In 2014, Facebook Events presented a great opportunity. It was one of the most active surfaces of the platform without substantial product and design investment.

I was a product design lead on the team, ****along with Kevin Schaefer, John Kumahara and Patrick Keenan.

During my tenure (2015→2016), we split Events to 2 products: a focused social product for personal events, and a flexible platform for public events.


The Sleeper Hit

Events was one of the unsuspected success stories on Facebook. In 2014, it captured a generous portion of Facebook's engagement metrics without significant investment beyond maintenance and cosmetic updates.

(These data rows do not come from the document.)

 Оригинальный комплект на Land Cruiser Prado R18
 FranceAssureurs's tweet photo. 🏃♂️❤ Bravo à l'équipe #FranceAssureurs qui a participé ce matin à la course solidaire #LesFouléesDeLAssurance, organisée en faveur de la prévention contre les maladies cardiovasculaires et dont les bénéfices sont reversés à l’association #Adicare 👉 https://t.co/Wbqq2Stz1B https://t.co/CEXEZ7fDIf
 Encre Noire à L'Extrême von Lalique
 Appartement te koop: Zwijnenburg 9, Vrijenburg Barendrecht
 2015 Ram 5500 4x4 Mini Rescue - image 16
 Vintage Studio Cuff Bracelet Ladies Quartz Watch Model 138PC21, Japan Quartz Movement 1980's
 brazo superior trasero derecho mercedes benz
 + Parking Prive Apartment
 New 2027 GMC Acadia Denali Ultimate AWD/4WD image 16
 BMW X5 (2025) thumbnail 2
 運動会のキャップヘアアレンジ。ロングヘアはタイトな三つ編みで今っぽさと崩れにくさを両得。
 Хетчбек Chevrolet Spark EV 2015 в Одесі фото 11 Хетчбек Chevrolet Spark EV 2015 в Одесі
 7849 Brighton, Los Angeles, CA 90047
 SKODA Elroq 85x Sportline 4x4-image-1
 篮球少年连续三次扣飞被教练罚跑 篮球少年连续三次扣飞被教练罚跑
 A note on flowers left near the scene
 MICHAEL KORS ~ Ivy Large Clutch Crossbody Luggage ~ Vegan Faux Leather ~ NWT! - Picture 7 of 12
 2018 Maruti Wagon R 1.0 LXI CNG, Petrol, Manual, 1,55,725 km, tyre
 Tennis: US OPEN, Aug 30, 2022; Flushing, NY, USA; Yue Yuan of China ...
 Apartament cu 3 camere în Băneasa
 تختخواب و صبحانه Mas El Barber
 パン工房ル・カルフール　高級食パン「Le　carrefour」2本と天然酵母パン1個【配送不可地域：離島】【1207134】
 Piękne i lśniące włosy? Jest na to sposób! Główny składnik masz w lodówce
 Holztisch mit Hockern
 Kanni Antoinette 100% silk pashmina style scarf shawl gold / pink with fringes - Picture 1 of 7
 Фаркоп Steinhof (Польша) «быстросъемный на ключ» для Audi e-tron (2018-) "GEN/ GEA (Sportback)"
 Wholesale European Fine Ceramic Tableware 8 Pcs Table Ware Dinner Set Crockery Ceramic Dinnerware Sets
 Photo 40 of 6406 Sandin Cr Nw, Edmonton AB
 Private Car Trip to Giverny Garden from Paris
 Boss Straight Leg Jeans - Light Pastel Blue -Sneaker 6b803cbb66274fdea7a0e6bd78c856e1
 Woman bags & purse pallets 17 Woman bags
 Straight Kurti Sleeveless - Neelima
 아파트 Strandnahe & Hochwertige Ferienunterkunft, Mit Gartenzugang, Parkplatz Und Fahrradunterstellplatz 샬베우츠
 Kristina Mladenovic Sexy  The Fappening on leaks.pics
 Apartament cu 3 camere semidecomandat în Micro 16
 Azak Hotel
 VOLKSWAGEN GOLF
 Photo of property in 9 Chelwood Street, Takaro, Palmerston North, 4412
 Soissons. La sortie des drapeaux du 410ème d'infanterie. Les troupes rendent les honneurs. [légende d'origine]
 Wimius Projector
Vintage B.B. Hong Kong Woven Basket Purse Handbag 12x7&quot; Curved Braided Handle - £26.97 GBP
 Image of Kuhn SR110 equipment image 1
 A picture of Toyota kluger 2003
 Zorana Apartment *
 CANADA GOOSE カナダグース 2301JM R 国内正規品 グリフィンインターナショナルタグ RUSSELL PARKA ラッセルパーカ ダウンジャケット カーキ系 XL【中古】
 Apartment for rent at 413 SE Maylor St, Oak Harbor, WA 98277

Not much had changed since 2011

Outgrowing its Original Use Case

Over time, use cases for Events grew beyond house parties. Festivals, concerts, online events, art shows, and protests made the bulk of events and invites, effectively diluting the core use case.

An Effective Distribution Channel... to a Fault

Invitations to Facebook Events guaranteed direct communication with users on Facebook without the limits of Messenger or Newsfeed. Events were getting abused as a spam distribution mechanism and were rife with memes.

The Case for Splitting Events

Public and Private Events called for distinct content, invites, and connection models (e.g. going / not going). However, Facebook products are designed as generic platforms to aggregate as many users as possible and expose them to advertisers on Newsfeed.

The argument was won by demonstrating:

  1. Distinct actors - private and public event creators did not overlap

  2. Distinct use cases - private events are about personal invitations and sharing memories after the fact; public events are about promoting, engaging and selling tickets

  3. Use cases that hurt each other - spam invitations were on the rise, RSVP responses were going down


Private Events

The product was shifted towards feeling personal and private. Invite responses were updated to Going / Maybe / Can't Go (instead of Join / Leave). This lowered social pressure and increased responses to give hosts a more accurate preview of their guest list.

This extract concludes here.